Imitation of Spenser is the earliest surviving poem of John Keats, written in approximately 1814, when he was eighteen years old. While he may have written some poetry before this, which has since been destroyed or lost, "Imitation of Spenser" seems a likely enough first attempt.

During the time Keats served as surgeon's apprentice, he was continuing his studies in his spare time with his old friend and former tutor Cowden Clarke. Although Keats was remarkably well read for a boy his age, his interests lay principly with history, and he took no real interest in poetry until the age of eighteen, when Clarke introduced him to the work of Edmund Spenser. Keats did not show this poem to anyone at the time, even Clarke, although for some reason he chose to include it in his first volume of poetry in 1817. Keats did not tell anyone he had begun writing poetry until 1816, when he gave a copy of his "Written on the Day That Mr. Leigh Hunt Left Prison" to its subject.

As implied by the title, this is written in the Spenserian stanza, and is generally believed to be a fragment, although later he probably had no intention of finishing it.

Imitation of Spenser

Now Morning from her orient chamber came,
And her first footsteps touch'd a verdant hill;
Crowning its lawny crest with amber flame,
Silv'ring the untainted gushes of its rill;
Which, pure from mossy beds, did down distill,
And after parting beds of simple flowers,
By many streams a little lake did fill,
Which round its marge reflected woven bowers,
And, in its middle space, a sky that never lowers.

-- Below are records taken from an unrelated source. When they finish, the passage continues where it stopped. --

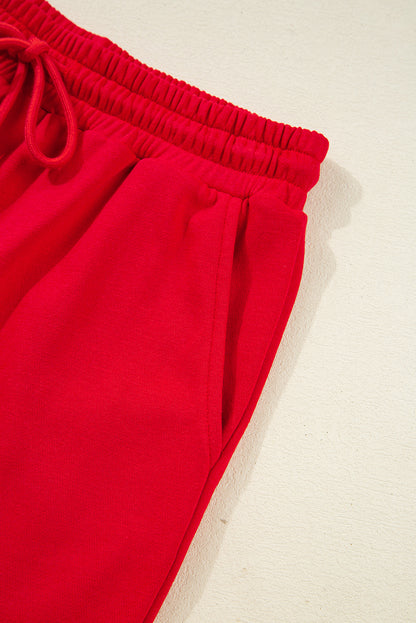 Fiery Red Varsity Striped Sleeve Drop Shoulder Sweatshirt and Short Set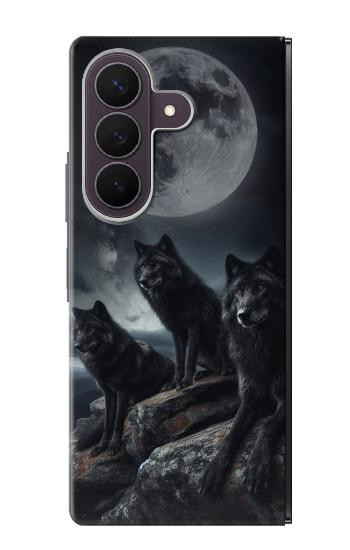 S3970 黒いオオカミの満月 Black Wolf Full Moon Samsung Galaxy Z Fold 8 Ultra バックケース、フリップケース・カバー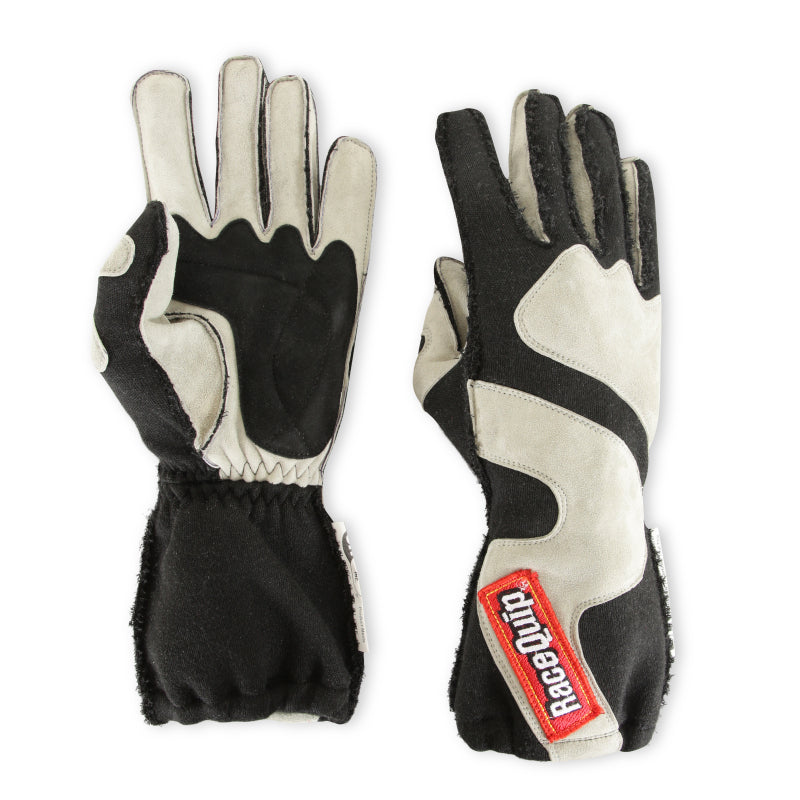 RaceQuip SFI-5 Gray/Black Small Outseam w/ Closure Glove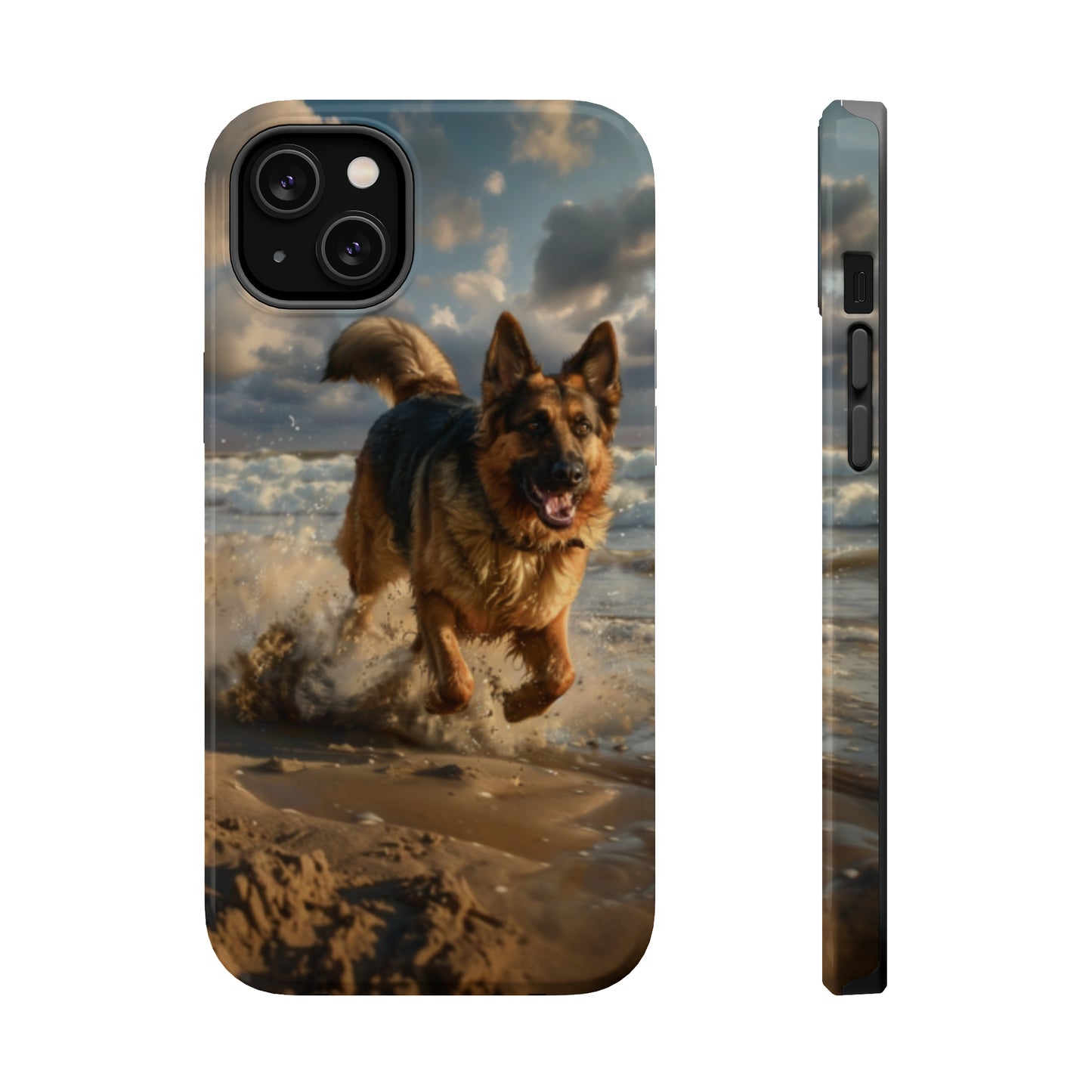 German Shepherd Beach Play MagSafe Tough iPhone Case - Ruppy's Creations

There the king-fisher saw his plumage bright
Vieing with the fish of brilliant dye below;
Whose silken fins and golden scales light
Cast upward, through the waves, a ruby glow:
There saw the swan his neck of arched snow,
And oar'd himself along with majesty;
Sparkled his jetty eyes; his feet did show
Beneath the waves like Afric's ebony,
And on his back a fay reclined voluptuously.

Ah! could I tell the wonders of an isle
That in the fairest lake had placed been,
I could e'en Dido of her grief beguile;
Or rob from aged Lear his bitter teen:
For sure so fair a place was never seen,
Of all that ever charm'd romantic eye:
It seem'd an emerald in the silver sheen
Of the bright waters; or as when on high,
Through clouds of fleecy white, laughs the coerulean sky.

And all around it dipp'e luxuriously
Slopings of verdure through the grassy tide,
Which, as it were in gentle amity,
Rippled delighted up the flowery side;
As if to glean the ruddy tears, it tried,
Which fell profusely from the rose-tree stem!
Haply it was the workings of its pride,
In strife to throw upon the shore a gem
Outvieing all the buds in Flora's diadem.